[[ Dataset, beginning ]]

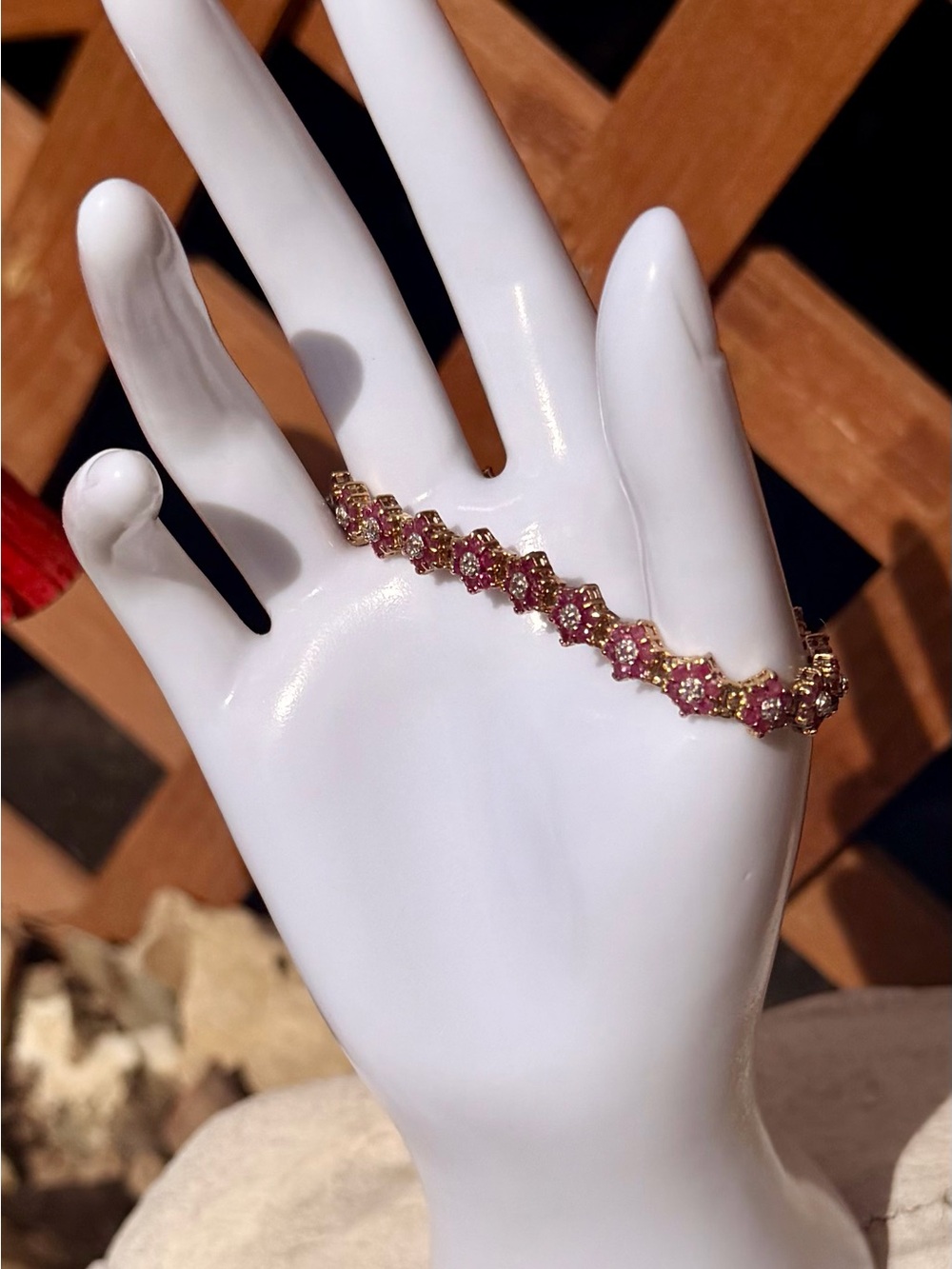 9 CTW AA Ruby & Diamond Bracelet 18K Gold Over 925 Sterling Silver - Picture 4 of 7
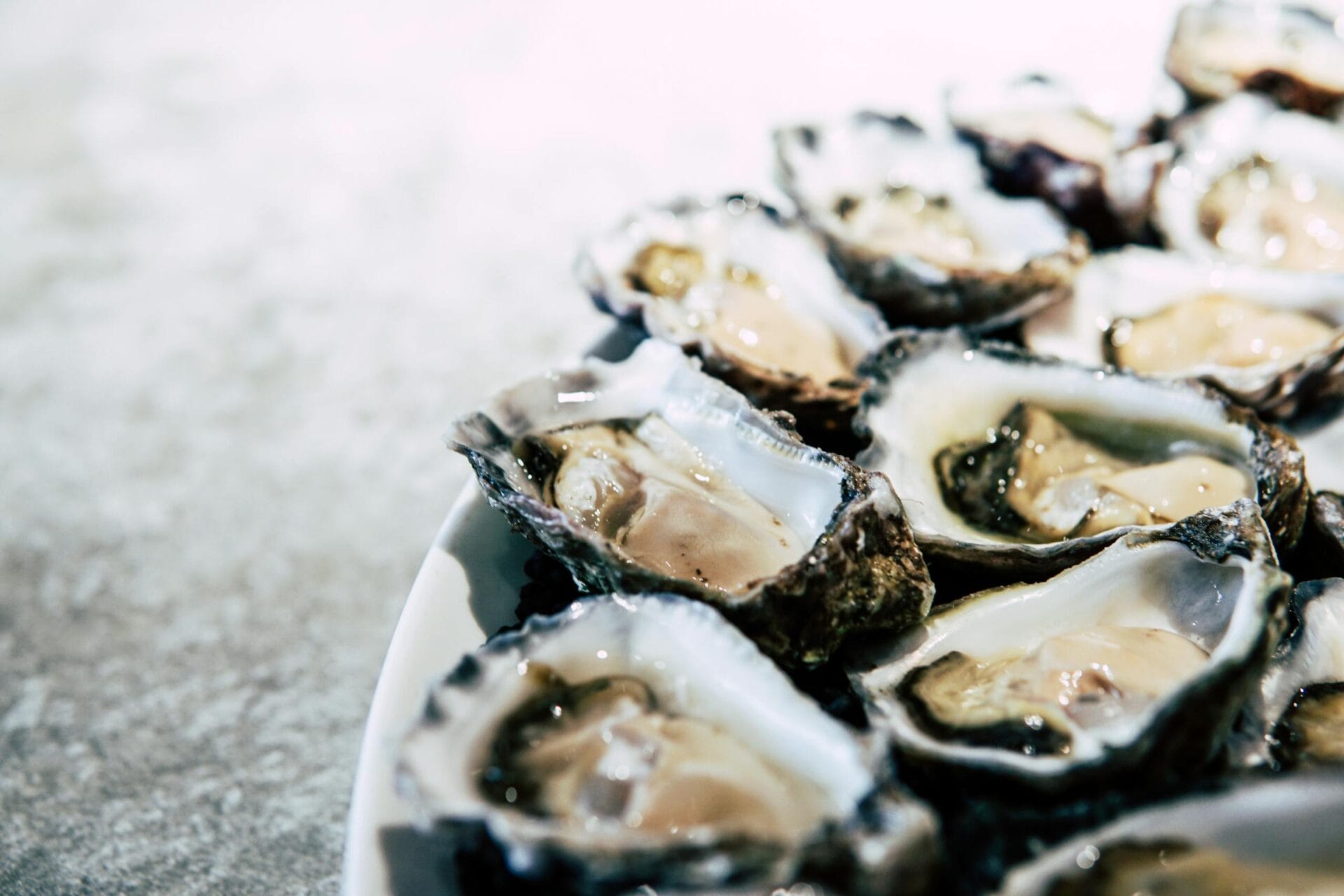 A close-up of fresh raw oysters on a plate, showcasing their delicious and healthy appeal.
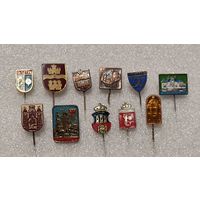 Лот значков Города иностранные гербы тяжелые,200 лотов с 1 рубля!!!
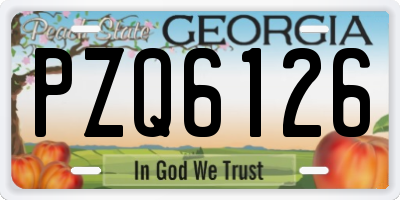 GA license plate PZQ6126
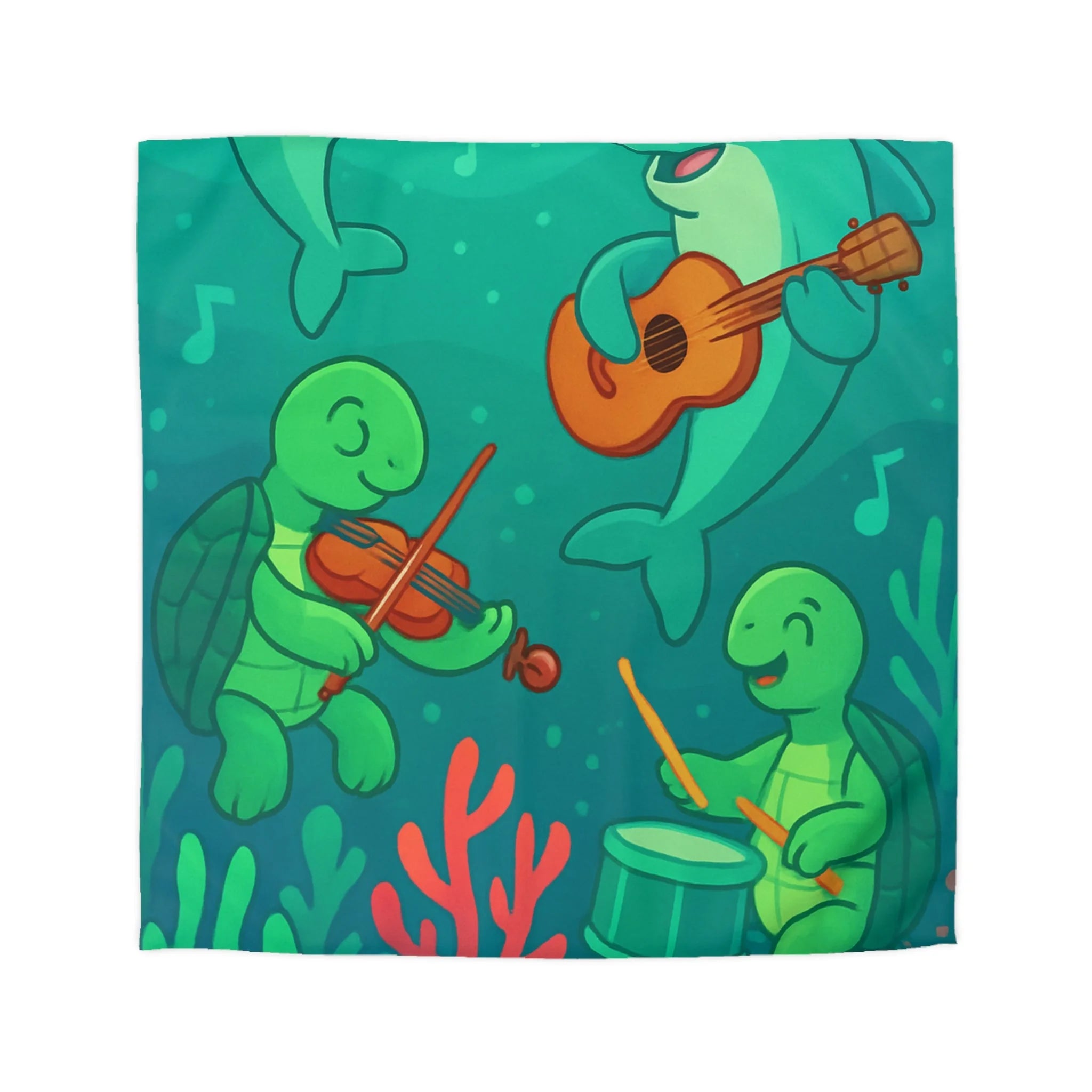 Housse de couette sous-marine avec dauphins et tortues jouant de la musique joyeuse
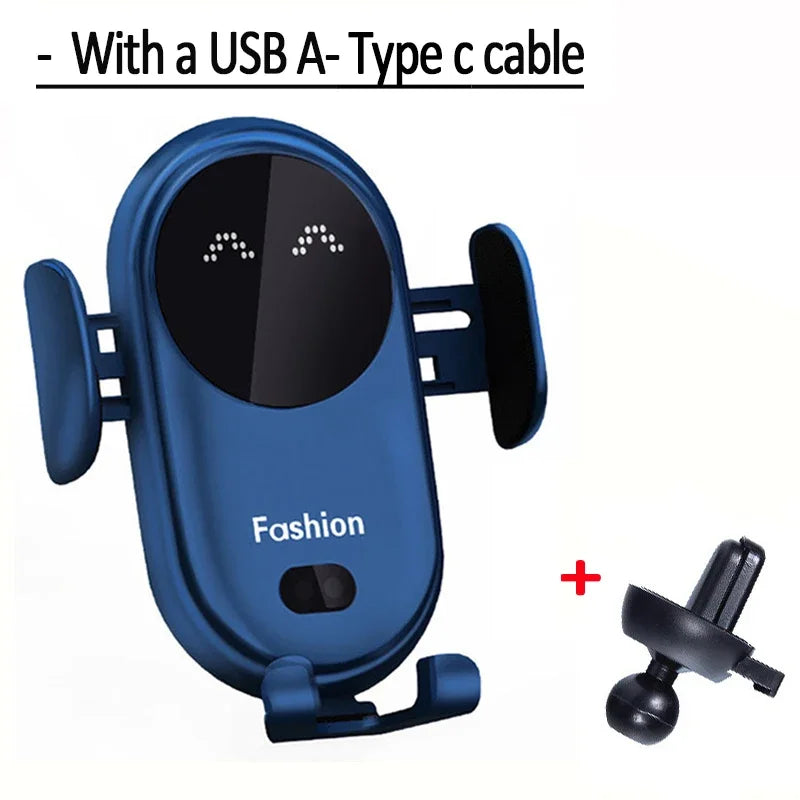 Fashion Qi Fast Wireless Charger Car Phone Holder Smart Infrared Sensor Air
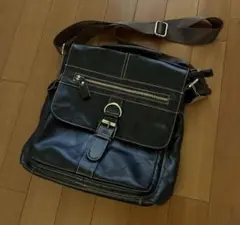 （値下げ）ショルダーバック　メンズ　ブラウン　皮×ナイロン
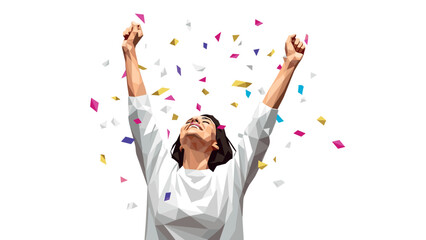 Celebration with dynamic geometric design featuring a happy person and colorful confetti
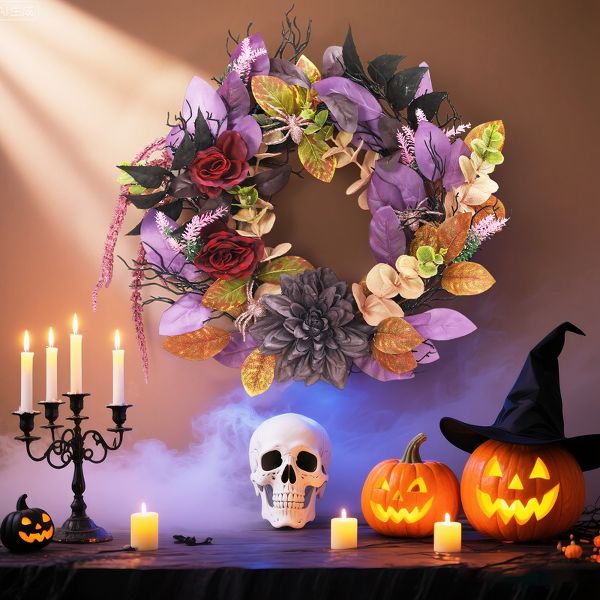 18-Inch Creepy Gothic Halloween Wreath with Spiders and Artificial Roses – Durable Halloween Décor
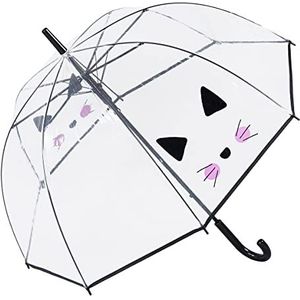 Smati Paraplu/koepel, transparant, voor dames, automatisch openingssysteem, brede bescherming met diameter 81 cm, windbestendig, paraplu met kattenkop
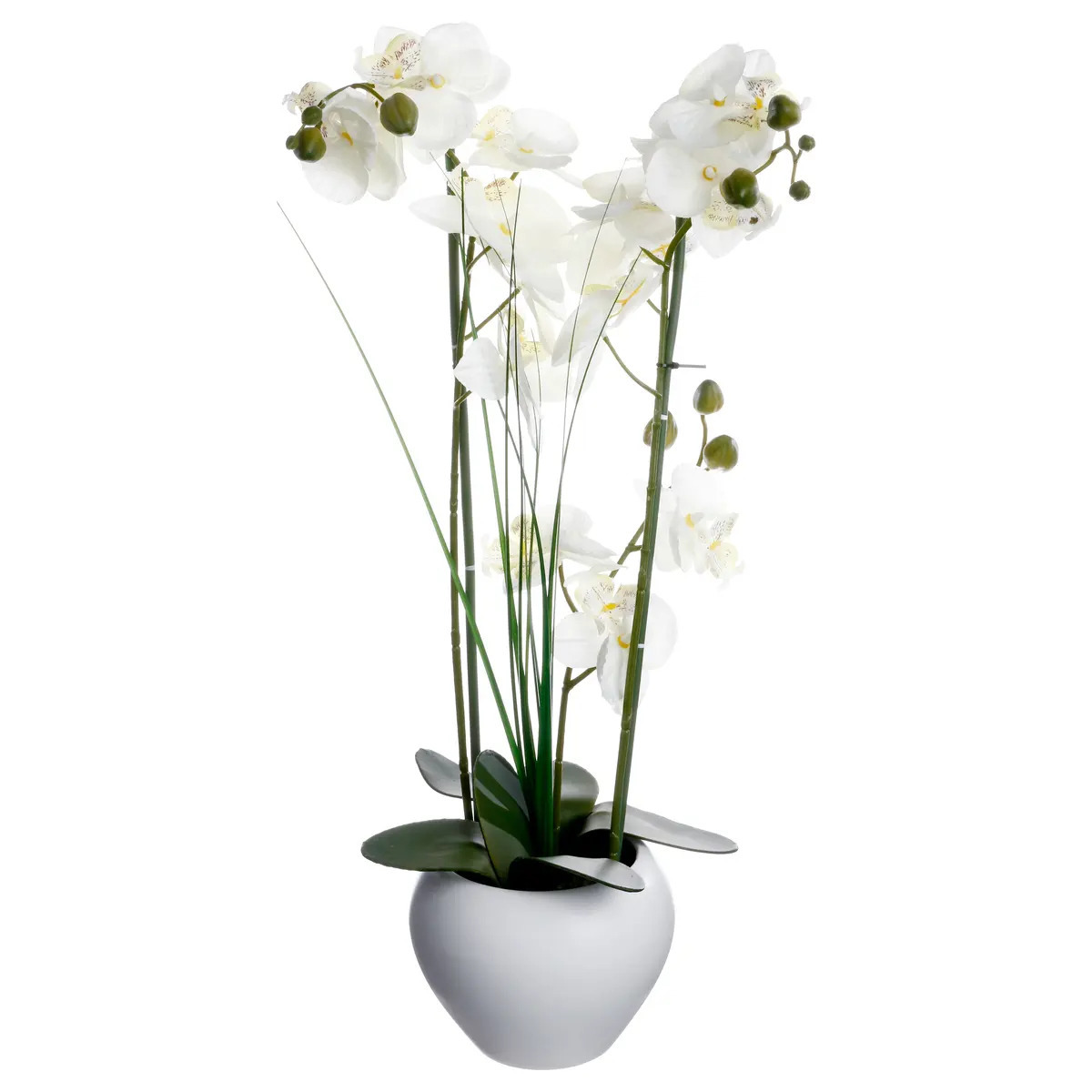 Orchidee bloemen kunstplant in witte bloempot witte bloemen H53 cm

[[ Dataset, end ]]

**Exercise requirements**
What you need to retype is every line from the one that has "A close-up of" through the last line of the listing, both included, with the pictures left out.

**Finished exercise**
 A close-up of fresh raw oysters on a plate, showcasing their delicious and healthy appeal.
 Лот значков Города иностранные гербы тяжелые,200 лотов с 1 рубля!!!
 GA license plate PZQ6126
 Housse de couette sous-marine avec dauphins et tortues jouant de la musique joyeuse
 Fashion Qi Fast Wireless Charger Car Phone Holder Smart Infrared Sensor Air
 （値下げ）ショルダーバック　メンズ　ブラウン　皮×ナイロン
 Celebration with dynamic geometric design featuring a happy person and colorful confetti
 18-Inch Creepy Gothic Halloween Wreath with Spiders and Artificial Roses – Durable Halloween Décor
 Smati Paraplu/koepel, transparant, voor dames, automatisch openingssysteem, brede bescherming met diameter 81 cm, windbestendig, paraplu met kattenkop
 Orchidee bloemen kunstplant in witte bloempot witte bloemen H53 cm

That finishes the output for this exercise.